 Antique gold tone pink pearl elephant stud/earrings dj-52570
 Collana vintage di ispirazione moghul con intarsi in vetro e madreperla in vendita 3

---

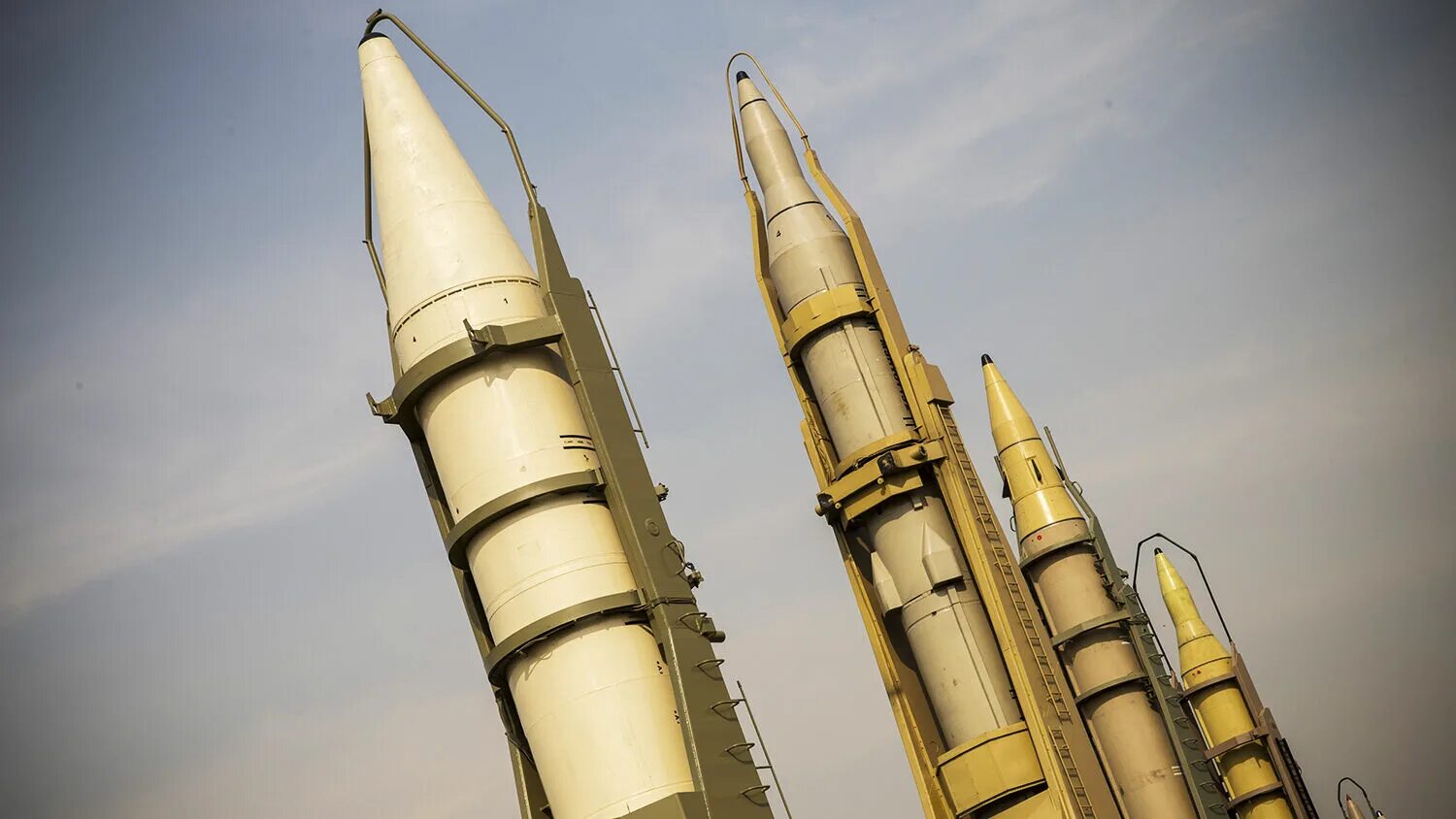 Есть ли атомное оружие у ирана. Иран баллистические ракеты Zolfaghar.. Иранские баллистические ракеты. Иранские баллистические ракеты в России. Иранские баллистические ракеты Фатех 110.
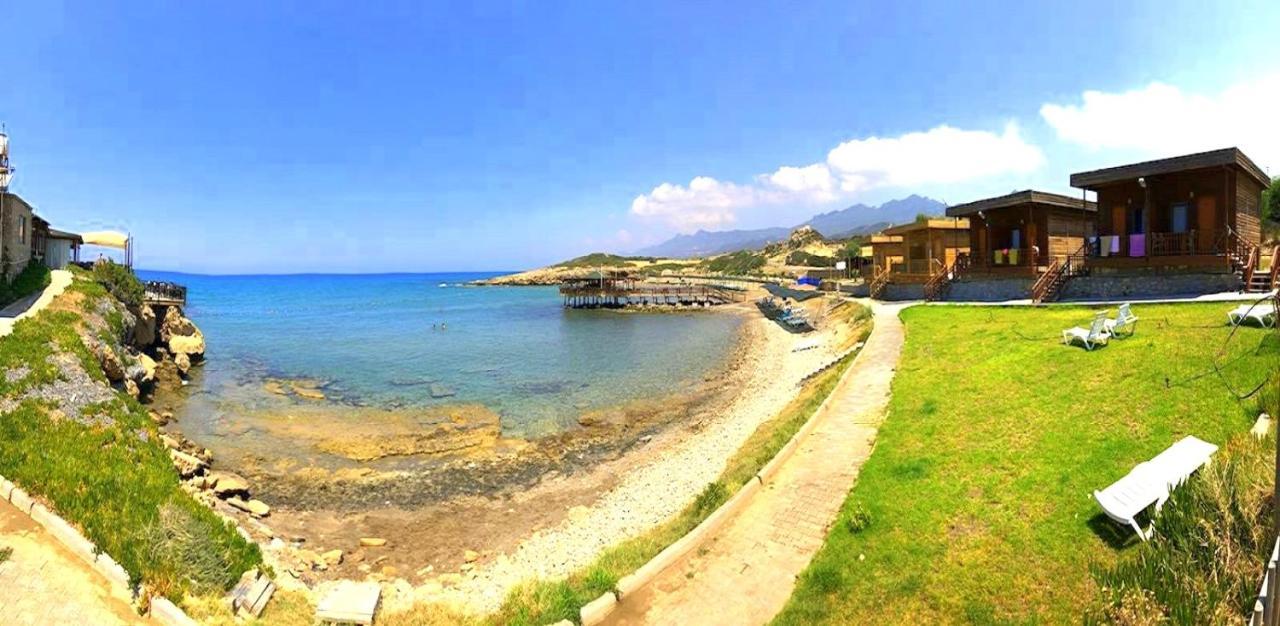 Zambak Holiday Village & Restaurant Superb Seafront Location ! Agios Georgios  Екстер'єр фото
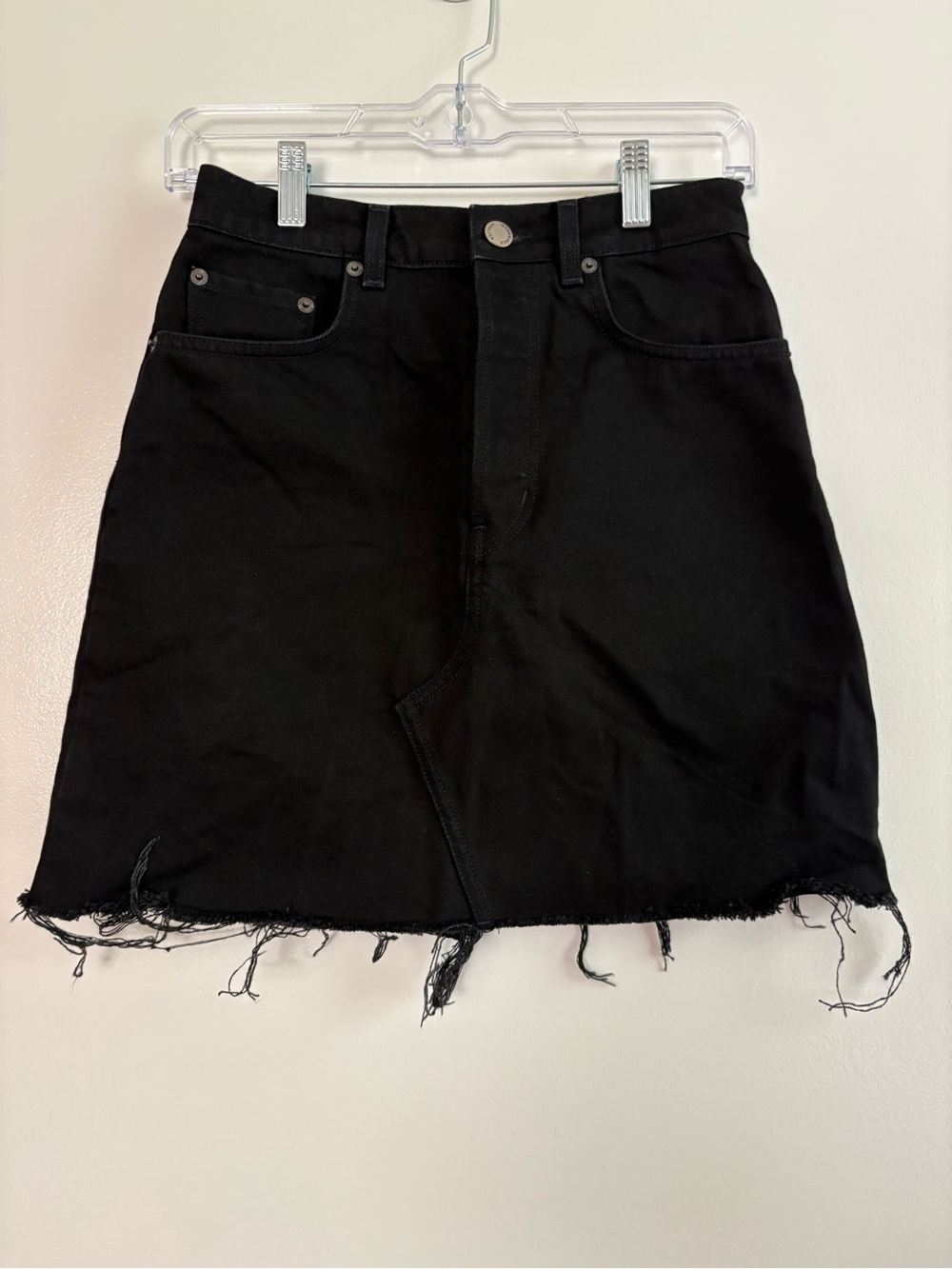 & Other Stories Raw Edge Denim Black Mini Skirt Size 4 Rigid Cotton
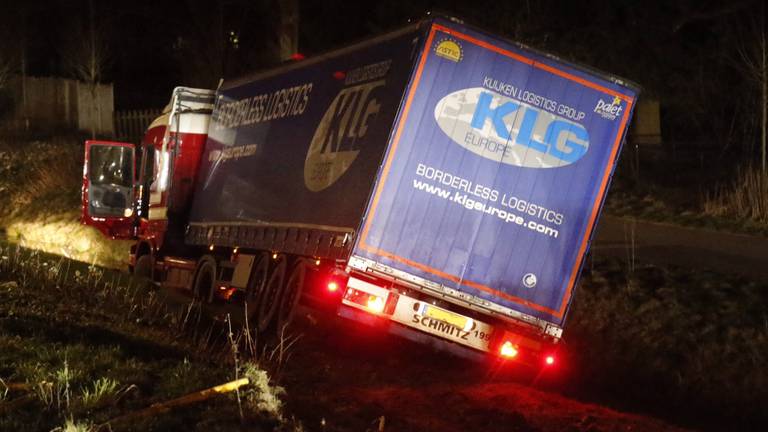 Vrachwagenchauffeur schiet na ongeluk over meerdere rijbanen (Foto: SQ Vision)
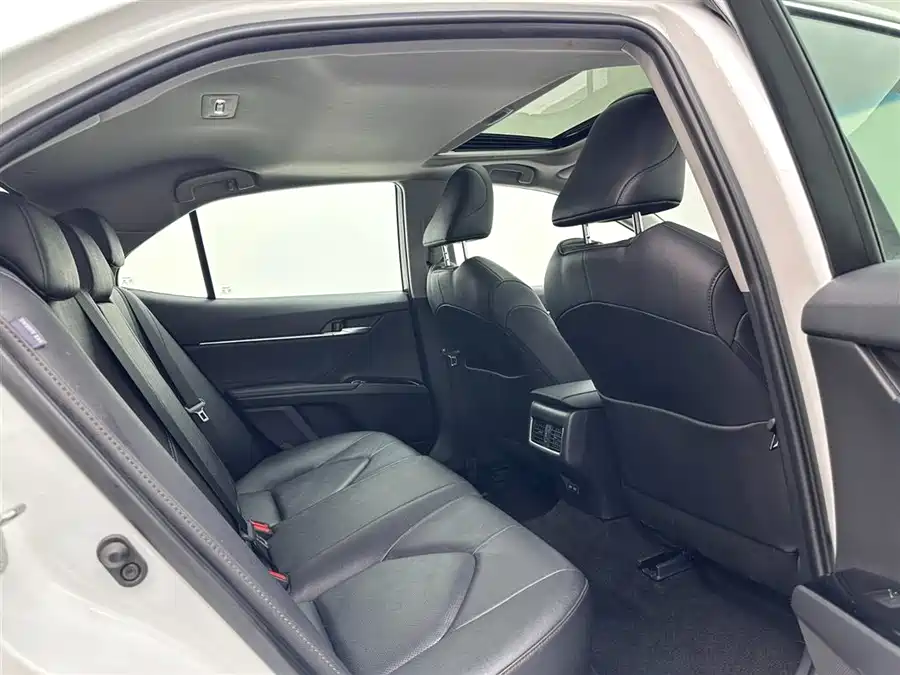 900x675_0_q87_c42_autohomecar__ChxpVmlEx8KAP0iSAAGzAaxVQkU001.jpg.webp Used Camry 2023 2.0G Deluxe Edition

==

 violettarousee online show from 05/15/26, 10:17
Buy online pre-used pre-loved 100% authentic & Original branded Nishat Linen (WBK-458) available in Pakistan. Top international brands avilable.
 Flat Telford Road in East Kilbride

To do
Would you copy every line of the entries that includes the word "online"?

Result of the task
 violettarousee online show from 05/15/26, 10:17
Buy online pre-used pre-loved 100% authentic & Original branded Nishat Linen (WBK-458) available in Pakistan. Top international brands avilable.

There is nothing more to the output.